━━━ SUPPLIED ENTRIES

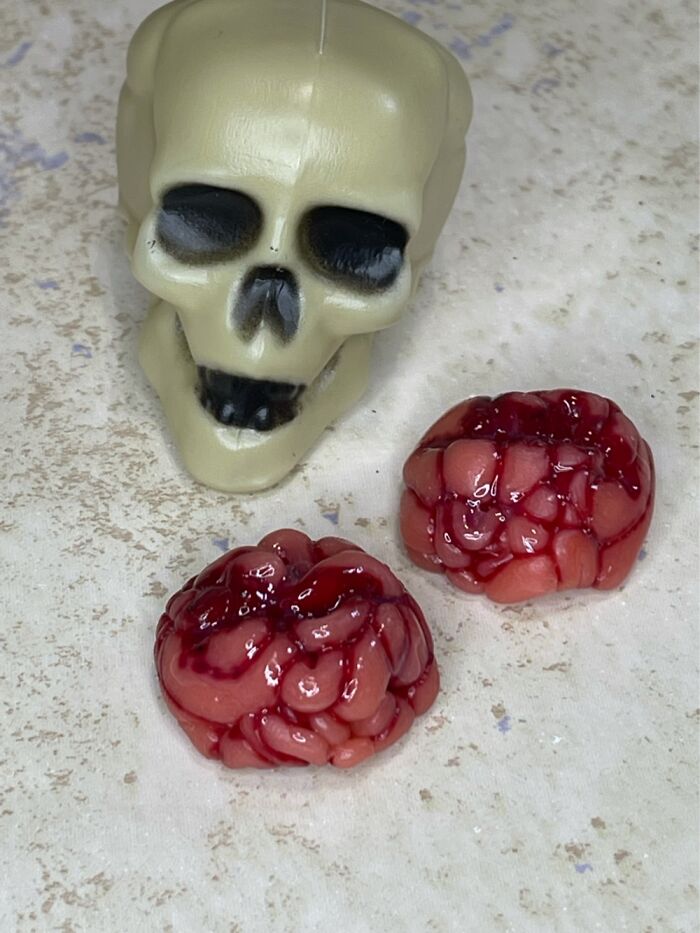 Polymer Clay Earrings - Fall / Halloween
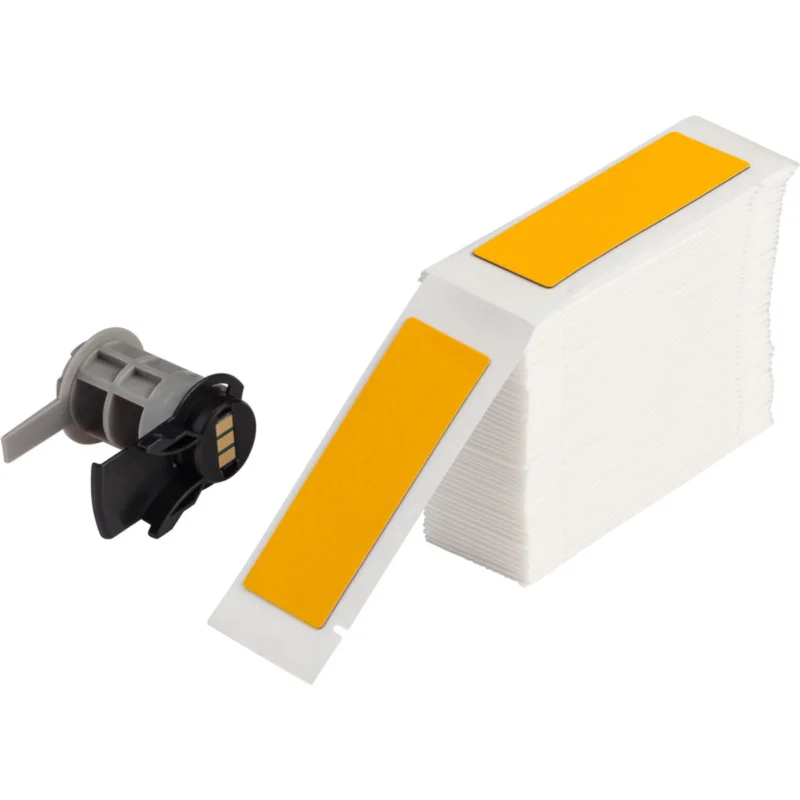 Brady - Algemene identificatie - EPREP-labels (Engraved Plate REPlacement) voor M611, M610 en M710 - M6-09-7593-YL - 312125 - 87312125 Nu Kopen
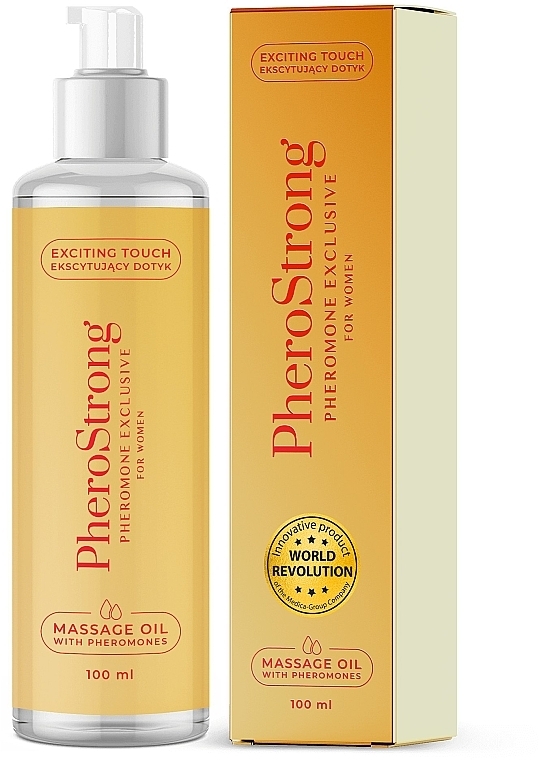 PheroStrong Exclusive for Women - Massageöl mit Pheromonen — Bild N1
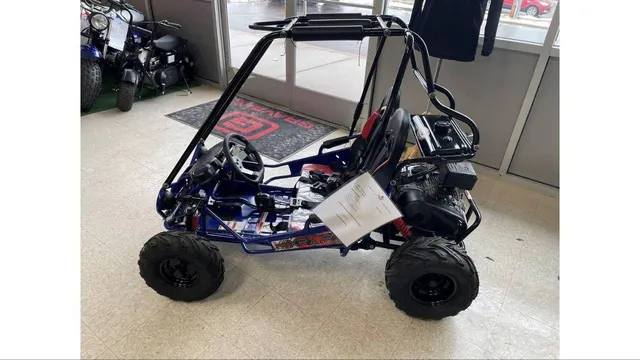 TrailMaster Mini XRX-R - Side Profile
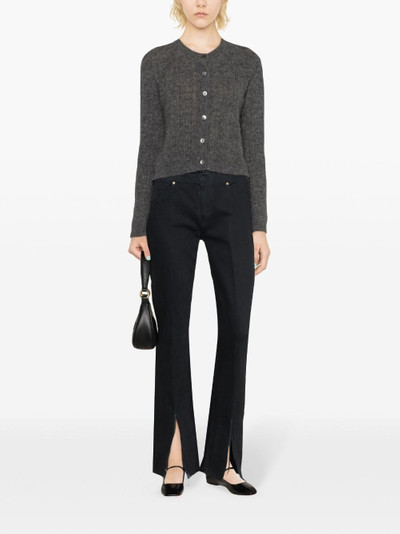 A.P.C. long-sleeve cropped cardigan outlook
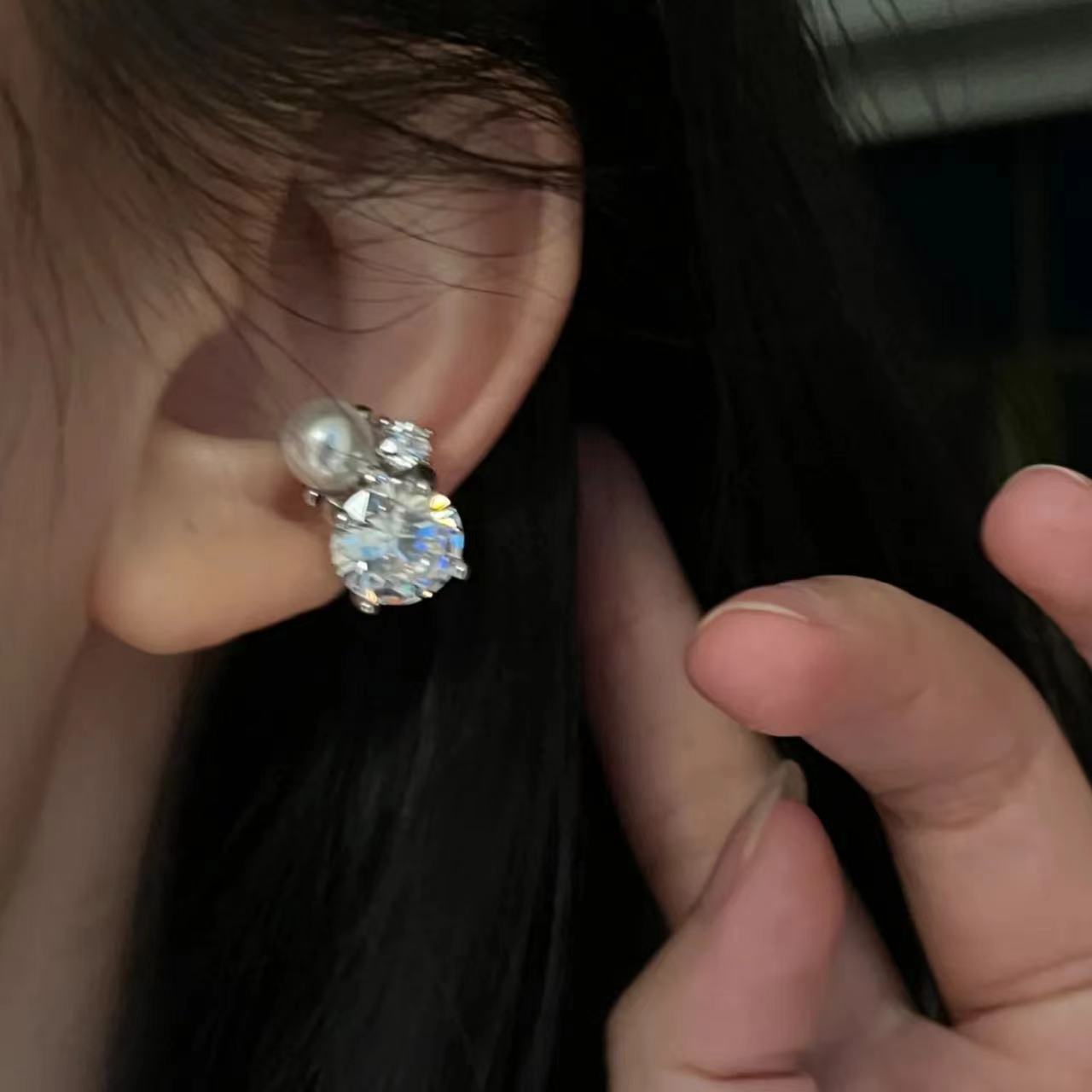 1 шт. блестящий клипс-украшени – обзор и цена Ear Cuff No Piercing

━━━━━━
━━━ SUPPLIED ENTRIES

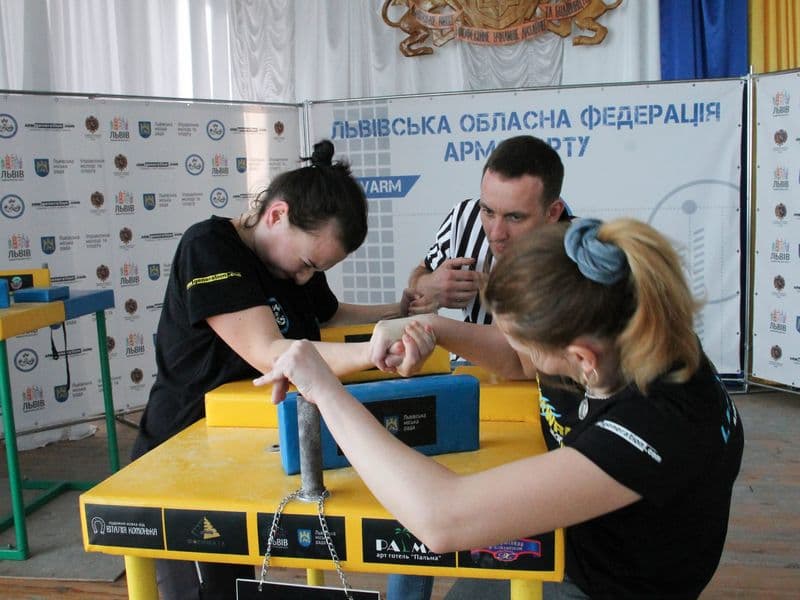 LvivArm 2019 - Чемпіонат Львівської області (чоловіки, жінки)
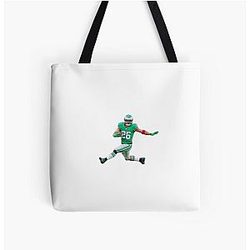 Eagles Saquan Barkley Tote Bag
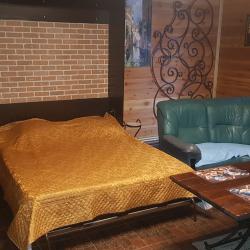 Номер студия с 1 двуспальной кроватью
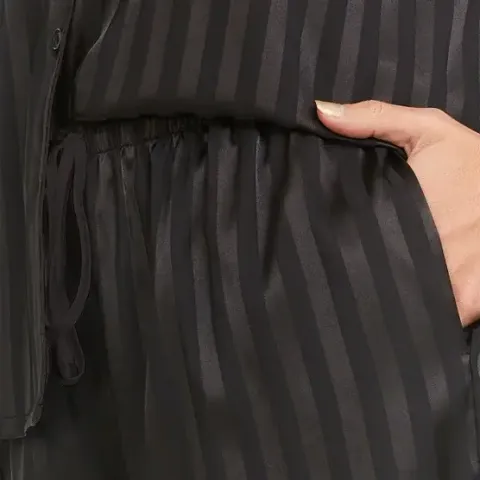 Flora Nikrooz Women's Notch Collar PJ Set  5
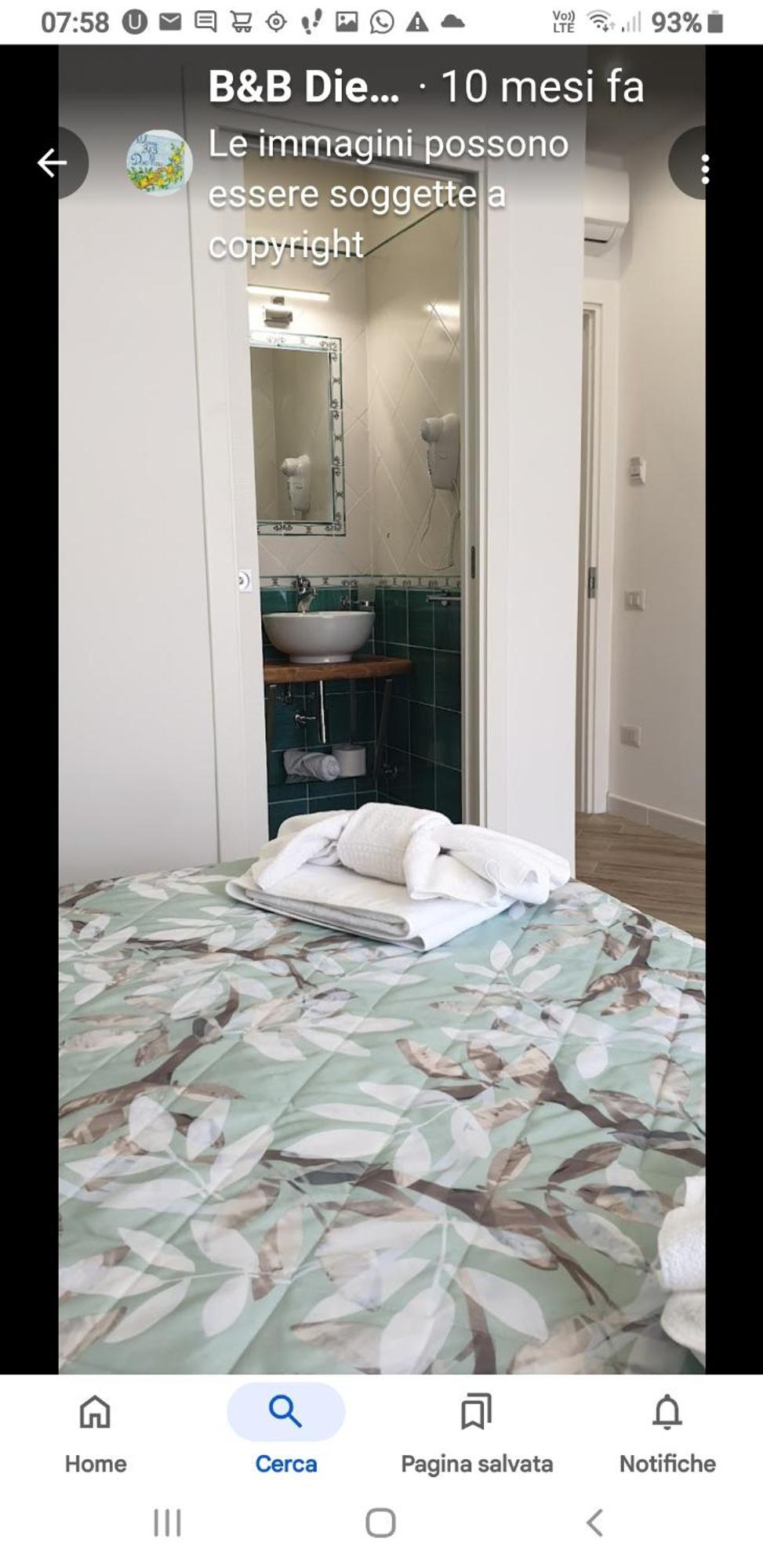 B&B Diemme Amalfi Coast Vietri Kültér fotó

━━━━━━

*EXERCISE PROMPT*
Would you set down only the lines above from the line with "Eagles Saquan Barkley Tote Bag" to the line with "B&B Diemme Amalfi Coast Vietri Kültér fotó", both included, exactly as they stand and without the pictures?

*EXERCISE RESULT*
 Eagles Saquan Barkley Tote Bag
 Номер студия с 1 двуспальной кроватью
 Flora Nikrooz Women's Notch Collar PJ Set  5
 B&B Diemme Amalfi Coast Vietri Kültér fotó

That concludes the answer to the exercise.